Introduction The US Preventive Services Task Force recommends that all patients be screened for obesity and, if needed, be provided weightloss advice. However, the prevalence of such advice is low and varies by patient demographics. This study aimed to describe the determinants of receiving weight-loss advice among a sample with a high proportion of low-income, racial/ethnic minority individuals. Methods Data were collected from a telephone survey of 1,708 households in 2009 and 2010 in 5 cities in New Jersey. Analyses were limited to 1,109 overweight or obese adults. Multivariate logistic regression determined the association of participants' characteristics with receiving weight-loss advice from their health care provider. Two models were used to determine differences by income and insurance status. Results Of all overweight or obese respondents, 35% reported receiving advice to lose weight. Receiving advice was significantly associated with income in multivariate analysis.
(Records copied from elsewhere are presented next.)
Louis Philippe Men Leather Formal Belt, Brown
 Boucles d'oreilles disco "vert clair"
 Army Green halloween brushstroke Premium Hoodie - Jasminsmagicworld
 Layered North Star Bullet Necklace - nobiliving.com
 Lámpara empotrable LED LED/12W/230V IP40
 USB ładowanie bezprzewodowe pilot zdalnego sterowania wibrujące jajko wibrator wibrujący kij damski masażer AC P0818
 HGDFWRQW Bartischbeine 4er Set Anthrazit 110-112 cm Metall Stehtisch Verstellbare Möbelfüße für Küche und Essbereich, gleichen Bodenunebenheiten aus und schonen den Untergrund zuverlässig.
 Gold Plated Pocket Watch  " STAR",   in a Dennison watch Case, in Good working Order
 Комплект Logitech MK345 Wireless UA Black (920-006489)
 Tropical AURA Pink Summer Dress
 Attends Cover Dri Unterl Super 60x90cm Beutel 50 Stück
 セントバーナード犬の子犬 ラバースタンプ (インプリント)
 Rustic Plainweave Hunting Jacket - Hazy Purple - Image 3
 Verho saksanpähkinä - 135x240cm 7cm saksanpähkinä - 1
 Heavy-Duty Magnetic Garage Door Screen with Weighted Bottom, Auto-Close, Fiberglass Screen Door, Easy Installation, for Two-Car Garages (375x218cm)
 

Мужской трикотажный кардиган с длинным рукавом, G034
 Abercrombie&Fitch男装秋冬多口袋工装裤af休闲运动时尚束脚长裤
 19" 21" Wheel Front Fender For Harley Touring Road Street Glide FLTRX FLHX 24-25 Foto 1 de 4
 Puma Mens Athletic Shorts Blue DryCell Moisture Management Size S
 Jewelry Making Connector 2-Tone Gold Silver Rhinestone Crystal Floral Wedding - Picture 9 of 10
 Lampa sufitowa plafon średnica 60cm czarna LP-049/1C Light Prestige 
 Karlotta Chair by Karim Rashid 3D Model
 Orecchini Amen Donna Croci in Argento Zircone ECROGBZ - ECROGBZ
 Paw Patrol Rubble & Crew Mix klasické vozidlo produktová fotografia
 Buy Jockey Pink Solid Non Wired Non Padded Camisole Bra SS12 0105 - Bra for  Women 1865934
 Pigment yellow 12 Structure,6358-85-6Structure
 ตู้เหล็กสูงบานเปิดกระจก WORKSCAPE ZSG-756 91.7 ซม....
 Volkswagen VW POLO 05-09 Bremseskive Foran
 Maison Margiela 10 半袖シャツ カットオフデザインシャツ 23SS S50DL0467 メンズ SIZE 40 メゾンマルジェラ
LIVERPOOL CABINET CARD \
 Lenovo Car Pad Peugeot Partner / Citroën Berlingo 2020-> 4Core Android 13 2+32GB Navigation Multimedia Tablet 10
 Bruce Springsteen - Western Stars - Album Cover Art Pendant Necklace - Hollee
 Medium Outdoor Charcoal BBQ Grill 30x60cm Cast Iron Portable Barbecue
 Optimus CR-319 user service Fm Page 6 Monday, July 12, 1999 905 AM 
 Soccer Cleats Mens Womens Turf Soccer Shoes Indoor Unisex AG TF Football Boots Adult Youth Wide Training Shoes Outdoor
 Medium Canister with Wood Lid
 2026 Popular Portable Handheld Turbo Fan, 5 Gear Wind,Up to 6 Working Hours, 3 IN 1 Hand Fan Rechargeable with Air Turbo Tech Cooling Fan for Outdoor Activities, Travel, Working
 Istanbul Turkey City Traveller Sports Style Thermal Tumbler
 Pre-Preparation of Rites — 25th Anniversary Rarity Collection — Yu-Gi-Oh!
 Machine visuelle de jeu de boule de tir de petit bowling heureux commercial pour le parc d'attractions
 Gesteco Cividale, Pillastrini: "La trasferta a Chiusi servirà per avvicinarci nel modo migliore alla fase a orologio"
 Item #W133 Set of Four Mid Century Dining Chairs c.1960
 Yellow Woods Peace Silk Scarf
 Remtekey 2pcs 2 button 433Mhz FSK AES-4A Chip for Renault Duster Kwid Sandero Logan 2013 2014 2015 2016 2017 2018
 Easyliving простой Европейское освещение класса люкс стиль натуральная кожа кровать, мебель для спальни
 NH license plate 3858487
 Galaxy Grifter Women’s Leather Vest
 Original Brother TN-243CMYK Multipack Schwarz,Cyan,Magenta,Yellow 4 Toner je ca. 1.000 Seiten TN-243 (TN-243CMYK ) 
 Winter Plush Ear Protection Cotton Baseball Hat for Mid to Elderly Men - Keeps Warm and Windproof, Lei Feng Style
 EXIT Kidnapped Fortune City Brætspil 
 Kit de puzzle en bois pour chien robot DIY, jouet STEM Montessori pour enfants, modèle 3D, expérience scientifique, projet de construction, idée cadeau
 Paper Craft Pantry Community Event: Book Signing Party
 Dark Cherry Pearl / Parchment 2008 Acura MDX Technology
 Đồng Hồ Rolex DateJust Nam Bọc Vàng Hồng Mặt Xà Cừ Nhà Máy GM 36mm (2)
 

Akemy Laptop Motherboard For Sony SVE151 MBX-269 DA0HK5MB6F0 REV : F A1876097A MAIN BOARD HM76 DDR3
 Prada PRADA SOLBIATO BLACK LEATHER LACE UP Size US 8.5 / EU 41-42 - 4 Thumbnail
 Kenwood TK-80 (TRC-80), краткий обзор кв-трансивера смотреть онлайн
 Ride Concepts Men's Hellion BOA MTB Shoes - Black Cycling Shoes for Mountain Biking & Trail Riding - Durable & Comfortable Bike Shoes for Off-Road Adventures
Compared with those with an income at or below 100% of the federal poverty level (FPL), those within 200% to 399% of the FPL had 1.60 higher odds of receiving advice (P = .02), and those with an income of 400% or more of the FPL had 1.73 higher odds of receiving advice (P = .03). The strength of the association did not change after adjusting for health insurance. Conclusion Income is a significant predictor of whether or not overweight or obese adults receive weight-loss advice after adjustment for demographic variables, health status, and insurance status. Further work is needed to examine why disparities exist in who receives weightloss advice. Health care providers should provide weight-loss advice to all patients, regardless of income.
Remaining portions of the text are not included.